A novel clock synchronization architecture for networked systems based on forcing the synchronization, with a nice summary of uses of clock synchronization and of existing synchronization architectures

S. Bolognani, R. Carli, E. Lovisari and S. Zampieri, “A Randomized Linear Algorithm for Clock Synchronization in Multi-Agent Systems,” in IEEE Transactions on Automatic Control, vol. 61, no. 7, pp. 1711-1726, July 2016. DOI: 10.1109/TAC.2015.2479136.

A broad family of randomized clock synchronization protocols based on a second order consensus algorithm is proposed. Under mild conditions on the graph connectivity, it is proved that the parameters of the algorithm can always be tuned in such a way that the clock synchronization is achieved in the probabilistic mean-square sense. This family of algorithms contains, as particular cases, several known approaches which range from distributed asynchronous to hierarchical synchronous protocols. This is illustrated by specializing the algorithm for the well-known broadcast and gossip scenarios in wireless communications, and for the standard hierarchical protocol used in the context of wired communications in data networks. In these cases, we show how the feasible range for the algorithm parameters can be explicitly computed. Finally, the performance of this strategy is validated by actual implementation in a real testbed and by numerical simulations.

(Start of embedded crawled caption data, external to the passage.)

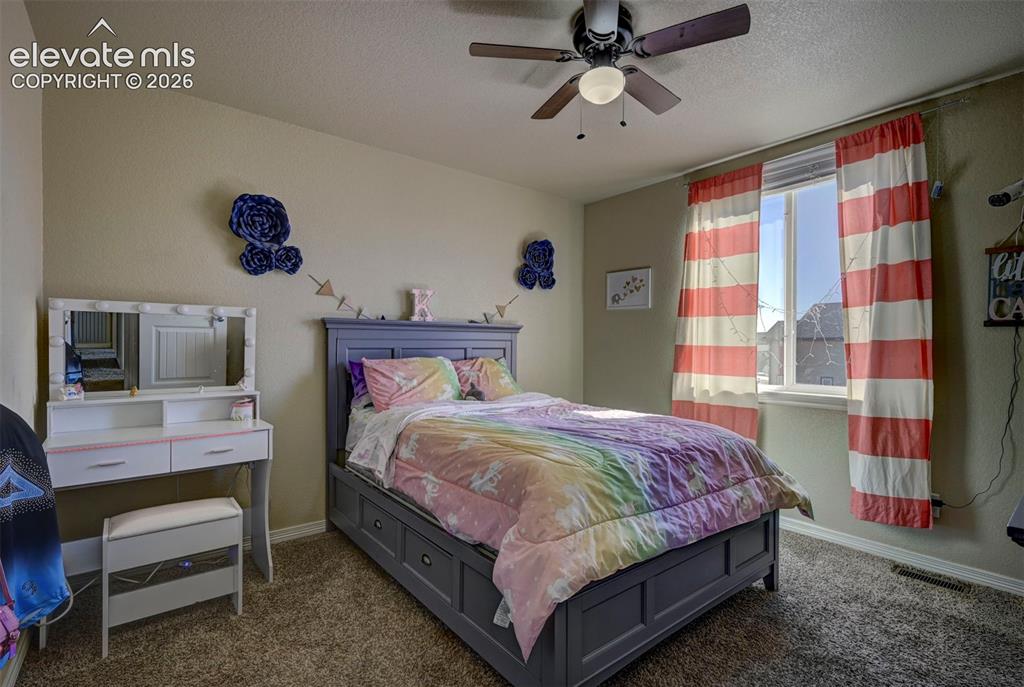 Image 29 of 45: Carpeted bedroom featuring a ceiling fan, a window with a white frame, and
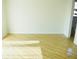 Bright and airy bedroom featuring tile flooring, a large window, and a serene, minimalist design at 1741 Fairfield St, Holiday, FL 34691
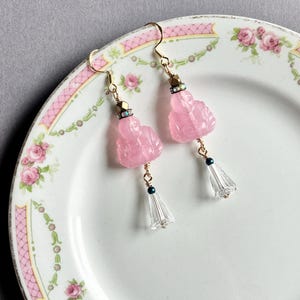 May include: A pair of pink gemstone earrings with gold-colored hooks. Each earring features a carved pink Buddha figure, a small gold bead, and a clear, bell-shaped crystal. The earrings are displayed on a floral-patterned plate.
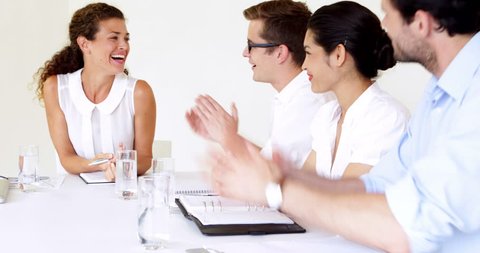 Business people applauding their boss during meeting in the office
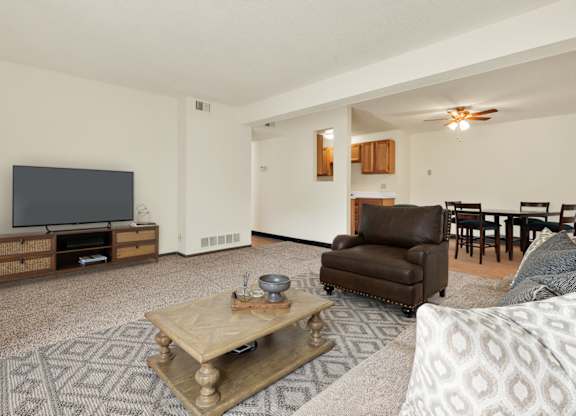 A living room with a brown leather chair and a wooden coffee table. at Winding Hills Apartments, Davenport , Iowa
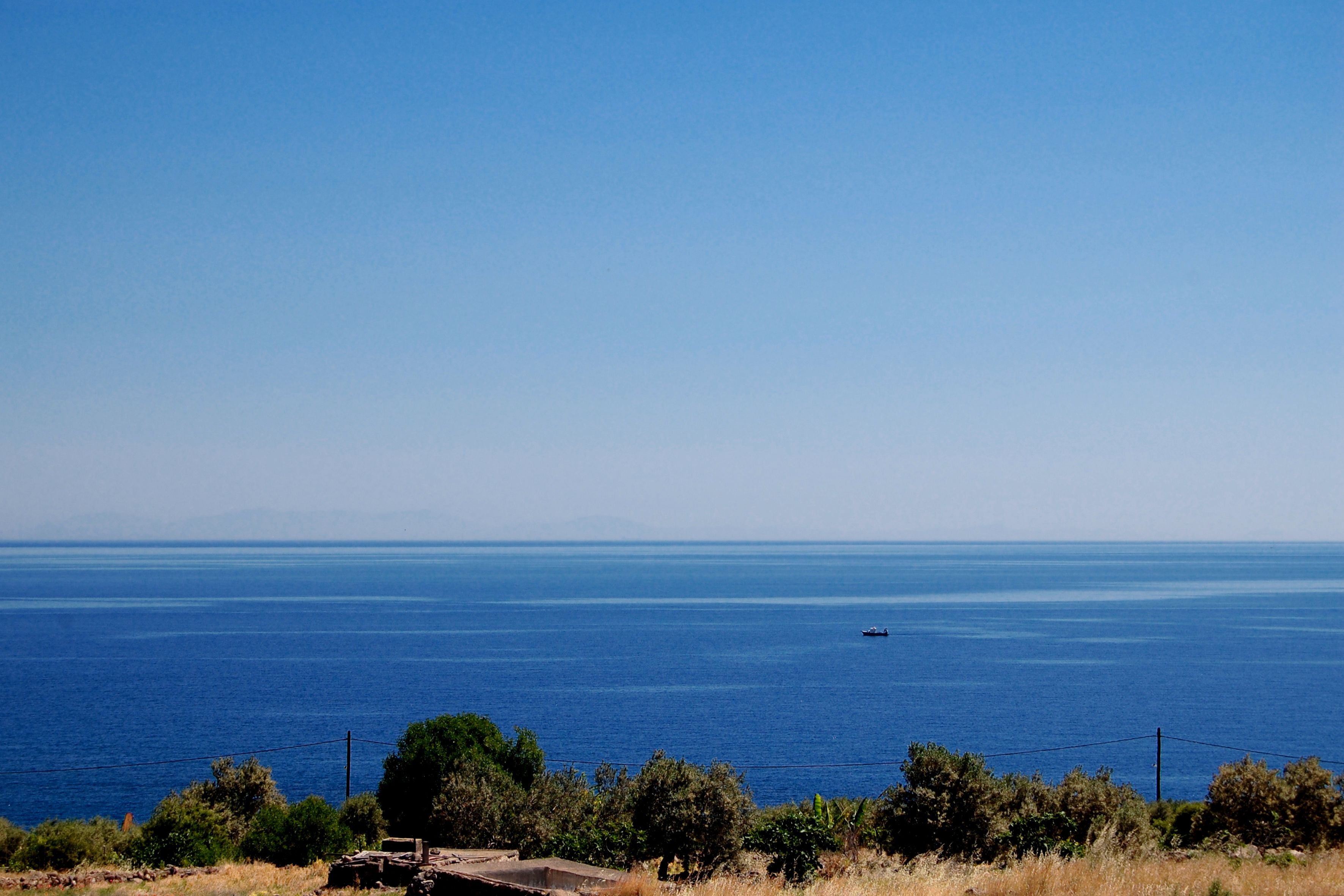 A coastal landscape with a clear view of the sea and distant mountains.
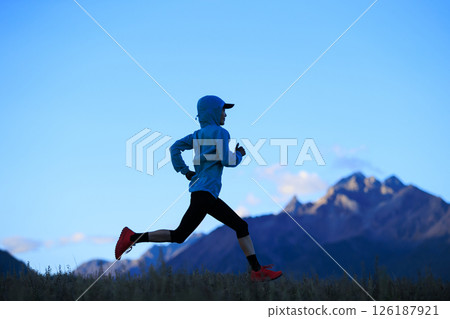 Fitness woman trail runner running on grassland mountain top 126187921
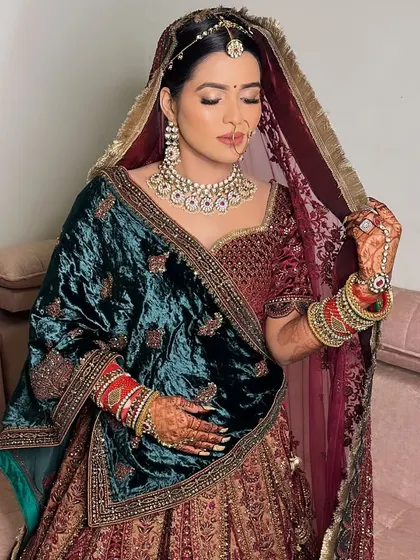 An ethereal beauty in her bridal attire. This look features a deep maroon velvet lehenga, and the makeup is kept classic with soft smokey eyes and a matching lip color.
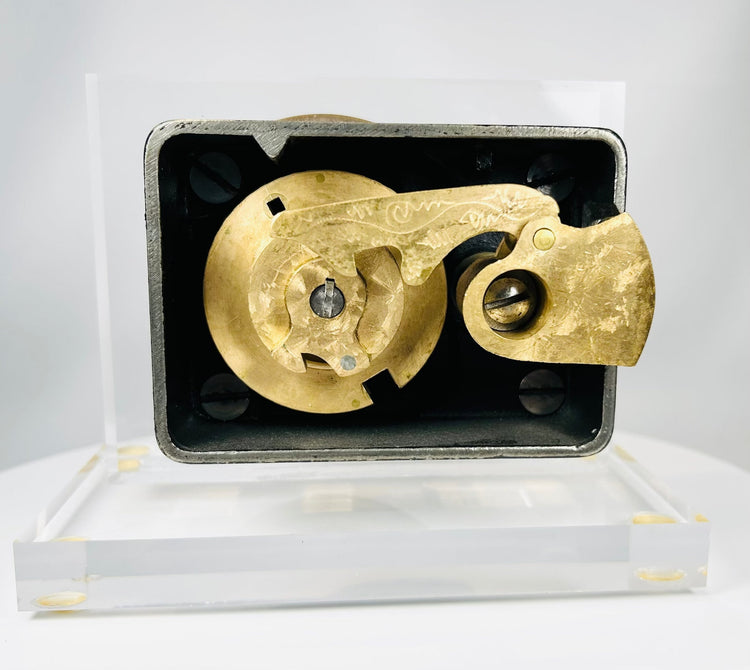 Antique brass dial safe lock front showing engraved numbers and maker mark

Interesting approach for communicating robots: through the passive recognition of others patterns of motion

Barnali Das, Micael S. Couceiro, Patricia A. Vargas, MRoCS: A new multi-robot communication system based on passive action recognition, Robotics and Autonomous Systems, Volume 82, August 2016, Pages 46-60, ISSN 0921-8890, DOI: 10.1016/j.robot.2016.04.002.

Multi-robot search-and-rescue missions often face major challenges in adverse environments due to the limitations of traditional implicit and explicit communication. This paper proposes a novel multi-robot communication system (MRoCS), which uses a passive action recognition technique that overcomes the shortcomings of traditional models. The proposed MRoCS relies on individual motion, by mimicking the waggle dance of honey bees and thus forming and recognising different patterns accordingly. The system was successfully designed and implemented in simulation and with real robots. Experimental results show that, the pattern recognition process successfully reported high sensitivity with good precision in all cases for three different patterns thus corroborating our hypothesis.